Question

How do you find the value of \[k\] so that the slope of the line through \[\left( 2,-k \right)\] and \[\left( -1,4 \right)\] is \[1?\]

Answer 1

Hint: We have to find the value of \[k\] and the slope if given i.e. \[1\] and the line through slope passing is given \[\left( 2,-k \right)\] and \[\left( -1,4 \right).\] By putting this value in slope formula and solve for \[k.\] By putting this we can find the value of \[k.\]
Slope formula \[=m=\dfrac{{{y}_{2}}-{{y}_{1}}}{{{x}_{2}}-{{x}_{1}}}\]

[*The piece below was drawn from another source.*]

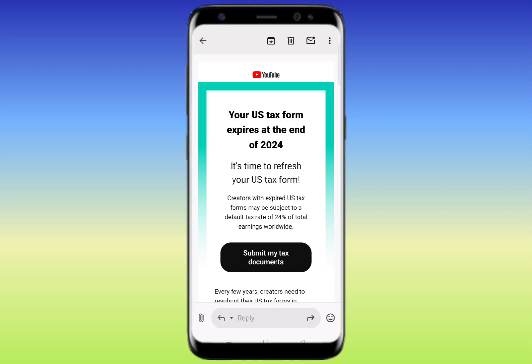Welcome back to another brand new video. Today I'm going to show you how you can submit your US tax info on Google AdSense for YouTube. If you got this type of email, you just need to click on 'Submit my tax info' to continue.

Complete step by step solution:
The slope can be found by using the formula \[m=\dfrac{{{y}_{2}}-{{y}_{1}}}{{{x}_{2}}-{{x}_{1}}}\]
Where \[m\] is the slope and \[\left( {{x}_{1}},{{y}_{1}} \right)\] and \[\left( {{x}_{2}},{{y}_{2}} \right)\] are two points on the line.
We have given \[\left( {{x}_{1}},{{y}_{1}} \right)\] that is \[\left( 2,-k \right)\] and \[\left( {{x}_{2}},{{y}_{2}} \right)\] is \[\left( -1,4 \right).\]
The slope is \[1\] as given in the question know substitute the values given in the problem and solve for \[k.\]
\[\Rightarrow m=\dfrac{{{y}_{2}}-{{y}_{1}}}{{{x}_{2}}-{{x}_{1}}}\]
\[\Rightarrow 1=\dfrac{4-\left( -k \right)}{-1-2}\]
\[\Rightarrow 1=\dfrac{4+k}{-3}\]
\[\Rightarrow -3\times 1=-3\times \dfrac{4+k}{-3}\]
\[\Rightarrow -3=-3\times \dfrac{4+k}{-3}\]
Cancel the same term we will get
\[\Rightarrow -3=4+k\]
\[\Rightarrow -3-4=4+k-4\]
\[\Rightarrow -3-4=4-4+k\]
\[\Rightarrow -7=0+k\]
\[\Rightarrow -7=k\]
\[\Rightarrow k=-7\]

So, the value of the \[k\] is \[-7.\]

Note: Use the correct the slope formula and solve for \[k.\] While considering point is \[\left( {{x}_{1}},{{y}_{1}} \right)\] and \[\left( {{x}_{2}},{{y}_{2}} \right)\] students may mistake and consider point as \[\left( {{x}_{1}},{{x}_{2}} \right)\] and \[\left( {{y}_{1}},{{y}_{2}} \right).\]